Ruihong Shen1,2,3,4,5, Shiqian Li2,1,4,5, and Yixin Zhu1,2,4,5
1School of Psychological and Cognitive Sciences, Peking University
2Institute for Artificial Intelligence, Peking University   3School of EECS, Peking University
4State Key Laboratory of General Artificial Intelligence, Peking University
5Beijing Key Laboratory of Behavior and Mental Health, Peking University
Corresponding author: yixin.zhu@pku.edu.cn
Annual Meeting of the Cognitive Science Society (CogSci) 2026

Humans exhibit a dual transition under resource pressure, simultaneously shifting both physical prediction mechanism and planning strategy to match cognitive budget.

Overview Video

Abstract

Humans effortlessly navigate the physical world by predicting how objects behave under gravity and contact forces, yet how such judgments support sequential physical planning under resource constraints remains poorly understood. Research on intuitive physics debates whether prediction relies on the Intuitive Physics Engine (IPE) or fast, cue-based heuristics; separately, decision-making research debates deliberative lookahead versus myopic strategies. These debates have proceeded in isolation, leaving the cognitive architecture of sequential physical planning underspecified.

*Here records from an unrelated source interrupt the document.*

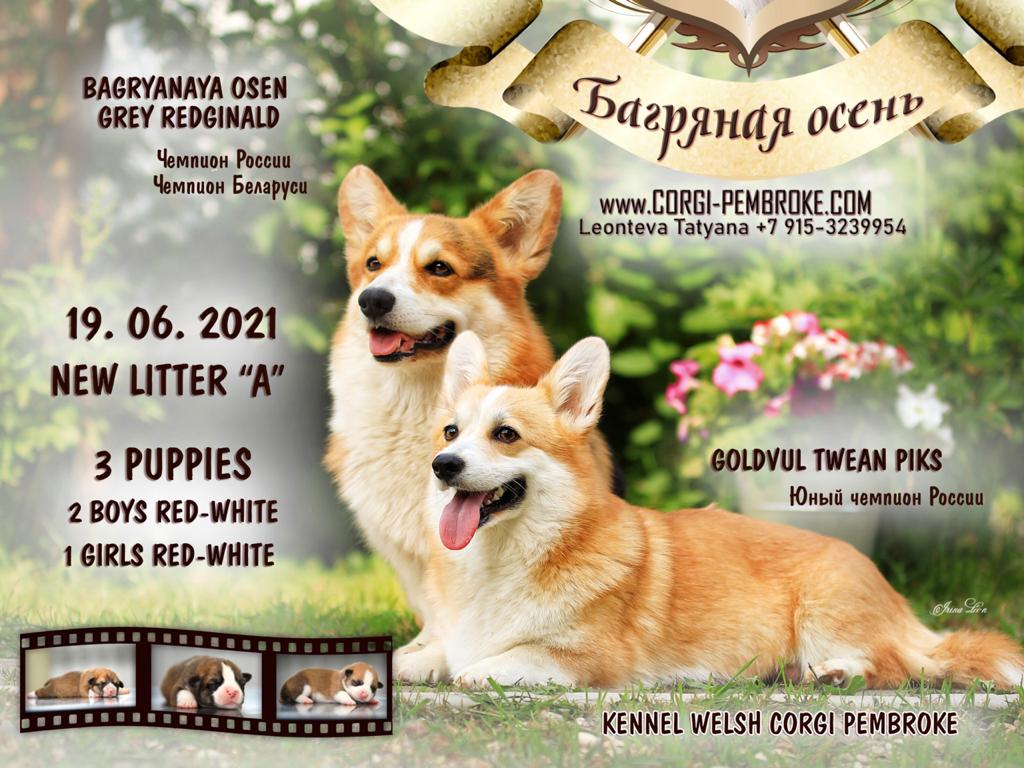 Презентация помета Вельш Корги Пемброк литер А 2021 года.
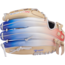 Easton Professional Collection Color Splash 12" Infield Fastpitch Glove - PCFP120-15C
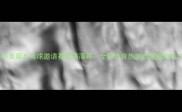 泉州芙蓉乒乓球邀请赛圆满落幕全民体育热潮点燃城市活力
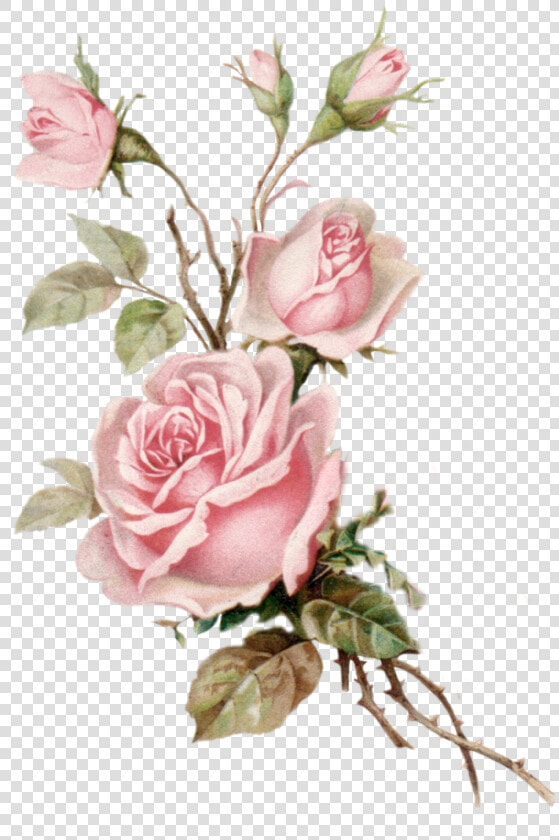  roses  flowers  flores  rosas  aesthetic  vintage   Pink Roses Transparent Background  HD Png DownloadTransparent PNG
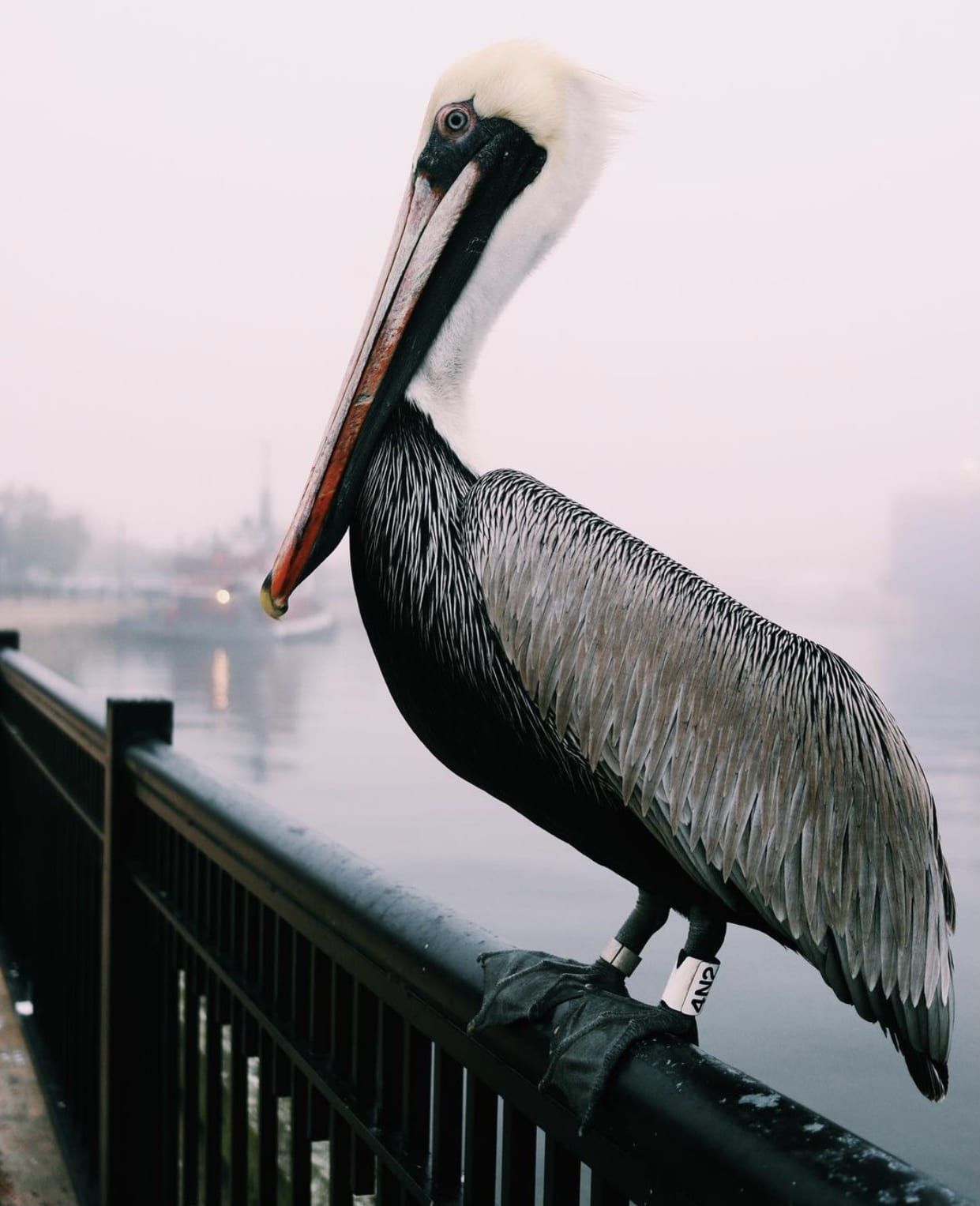 A rainy day ahead of us, but this pelican doesn't seem to mind.
Today's Photo of the Day was taken by Kayla Guzman.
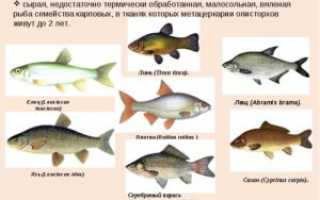 В какой рыбе есть описторхоз: список и особенности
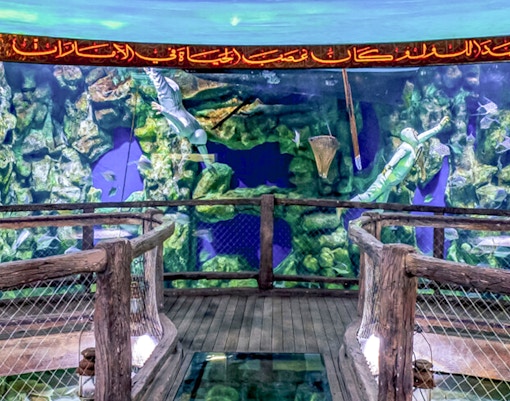 Aquarium tunnel with diver and fish in Dubai Mall, UAE.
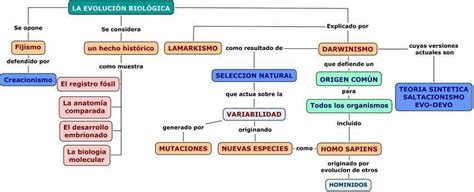 Mapa Conceptual Sobre Los Tipos De Evidencia De Evolucion Brainlylat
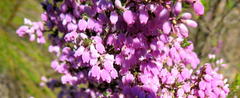 Erica tomentosa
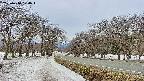 takano1-20250410100017.jpg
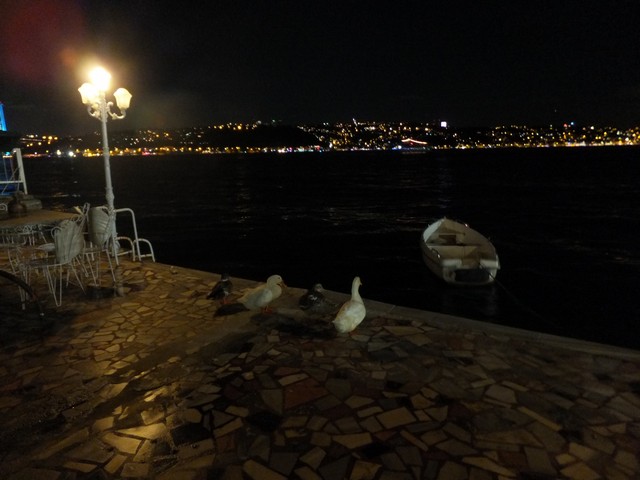 Name:  DSCF5708.jpg
Views: 413
Size:  68.3 KB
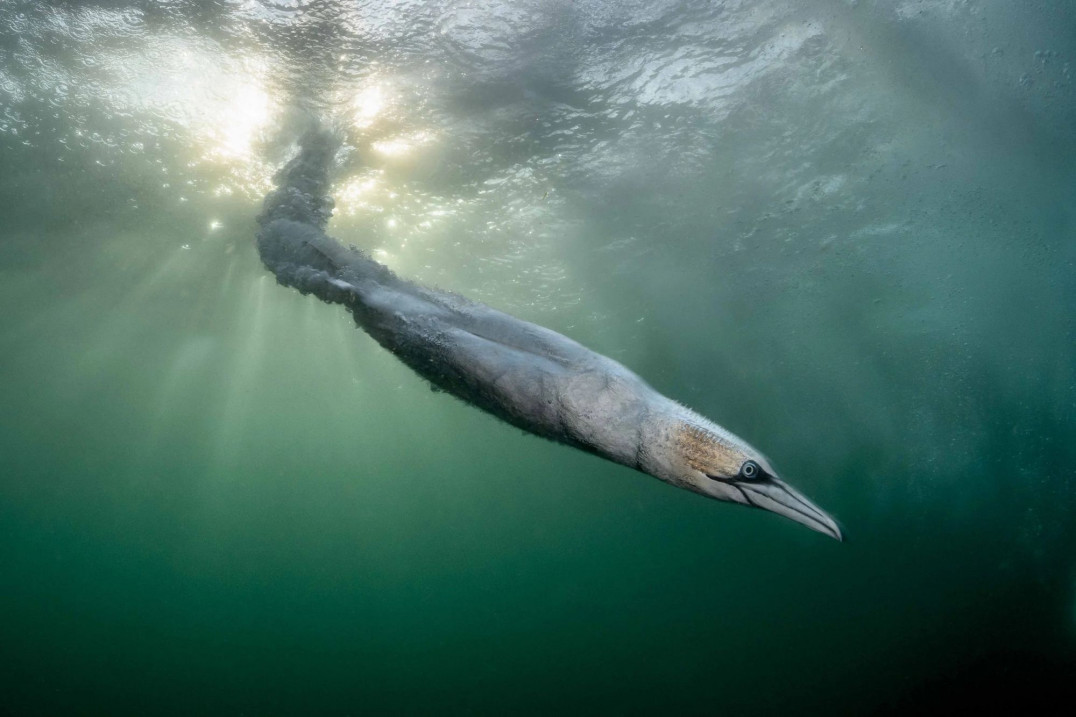 Oto najlepsze zdjęcia ptaków!  Rozstrzygnięto konkurs Bird Photographer of the Year 2026. Trzech Polaków wśród nagrodzonych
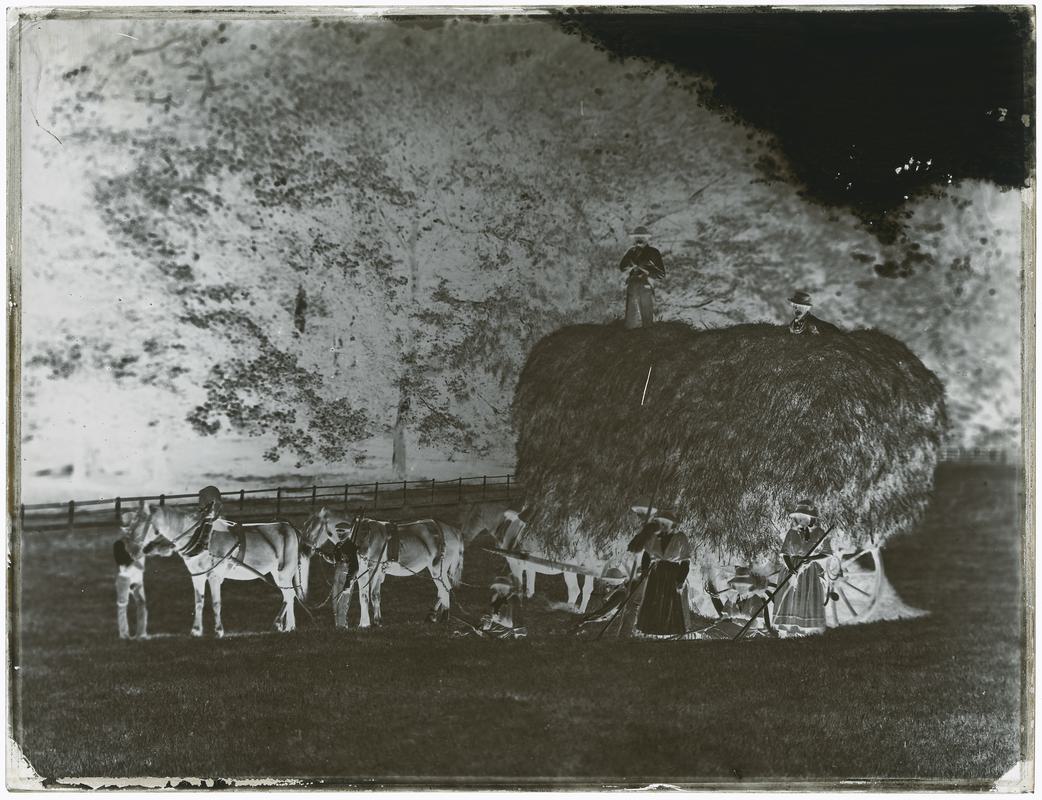 Haymakers, glass negative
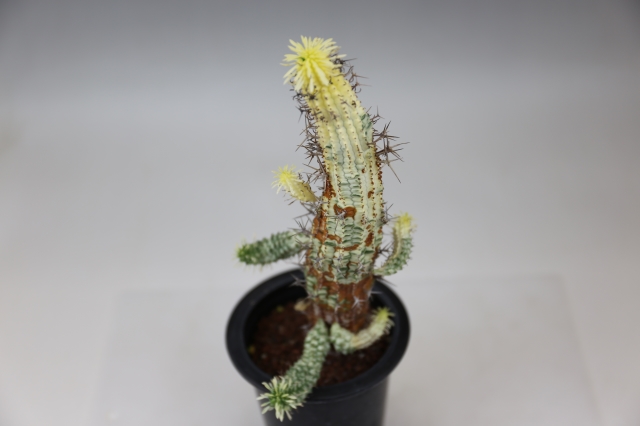 群星冠錦 A0436☆ユーフォルビア 多肉植物☆浦部陽向園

Here we show that humans exhibit a dual transition under resource pressure, simultaneously shifting both physical prediction mechanism and planning strategy to match cognitive budget. Using Overhang Tower, a construction task requiring participants to maximize horizontal overhang while maintaining stability, we find that IPE-based simulation dominates early stages while CNN-based visual heuristics prevail as complexity grows; concurrently, time pressure truncates deliberative lookahead, shifting planning toward shallower horizons—a dual transition unpredicted by prior single-mechanism accounts.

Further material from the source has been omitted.